When the OSIRIS-REx spacecraft arrived at Bennu in 2018, it encountered a landscape dominated by boulders, a stark contrast to expectations based on earlier observations. These observations had indicated a surface that would heat up and cool down quickly – a characteristic known as low thermal inertia – suggesting a composition of loose, fine-grained material. However, the spacecraft’s instruments detected a surface behaving more like dense rock, holding heat longer. This discrepancy baffled scientists.
“We expected some boulders, but we anticipated at least some large regions with smoother, finer regolith that would be easy to collect,” said Andrew Ryan, a scientist with the University of Arizona Lunar and Planetary Laboratory, who led the mission’s sample physical and thermal analysis working group. “Instead, it looked like it was all boulders, and we were scratching our heads for a while.”
The key to understanding the anomaly emerged after the OSIRIS-REx mission delivered samples of Bennu to Earth in September 2023. Initial theories posited that the rocks might be highly porous, allowing heat to escape rapidly. However, closer examination revealed a more complex structure: extensive networks of cracks running throughout the rocks.
Researchers employed lock-in thermography, a technique involving laser heating and precise temperature tracking, to analyze how heat moved through the cracked samples. They found that smaller samples exhibited different thermal properties than those observed by the spacecraft on the asteroid itself. To bridge this gap, scientists utilized advanced imaging techniques at the NASA Johnson Space Center in Houston.
“The sample goes into its own ‘spacesuit,’ gets a CT scan, and then comes back to its pristine environment, all without having any exposure to the terrestrial environment,” explained Nicole Lunning, the lead OSIRIS-REx sample curator within the Astromaterials Research and Exploration Science division at NASA Johnson Space Center. “We can image right through these airtight containers to visualize the shape and internal structure of the rock that’s inside.”

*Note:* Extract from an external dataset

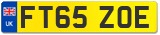 FT65 ZOE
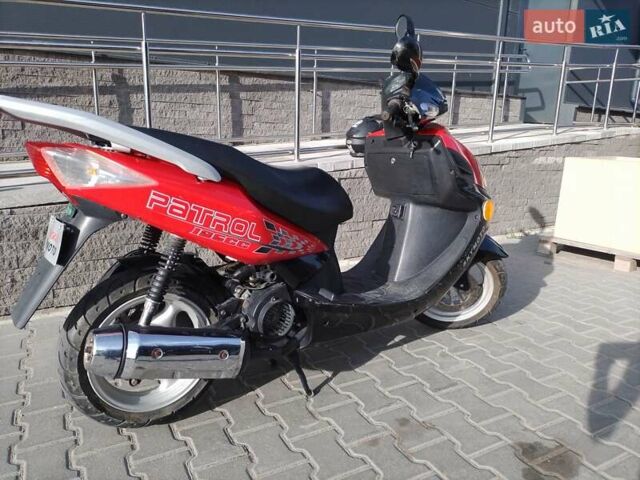 СкайМото Патрол, об'ємом двигуна 0 л та пробігом 2 тис. км за 350 $, фото 1 на Automoto.ua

X-ray computed tomography scans revealed the intricate network of internal cracks in detail. Study co-author Scott Eckley explained that the technology allows researchers to visualize the inside of an object in three dimensions without causing damage. By scaling up their models to simulate heat flow through larger rocks, the team discovered that the cracks facilitated faster heat dissipation, explaining why Bennu’s surface behaved as if it were composed of finer material despite being covered in boulders.
“It turns out that they’re really cracked too, and that was the missing piece of the puzzle,” Ryan said.
This discovery has implications beyond Bennu, impacting how scientists interpret thermal data from asteroids. For years, thermal measurements have been used to infer asteroid surface characteristics. The recent understanding of the role of internal cracking suggests that these readings may be more nuanced than previously thought. Ron Ballouz, a scientist with the Johns Hopkins University Applied Physics Laboratory, stated that the work transforms how scientists interpret the structure of an asteroid based on its thermal properties as observed from Earth. “We can finally ground our understanding of telescope observations of the thermal properties of an asteroid through analyzing these samples from that very same asteroid,” Ballouz said.
The findings were published in the journal Nature Communications on March 20, 2026.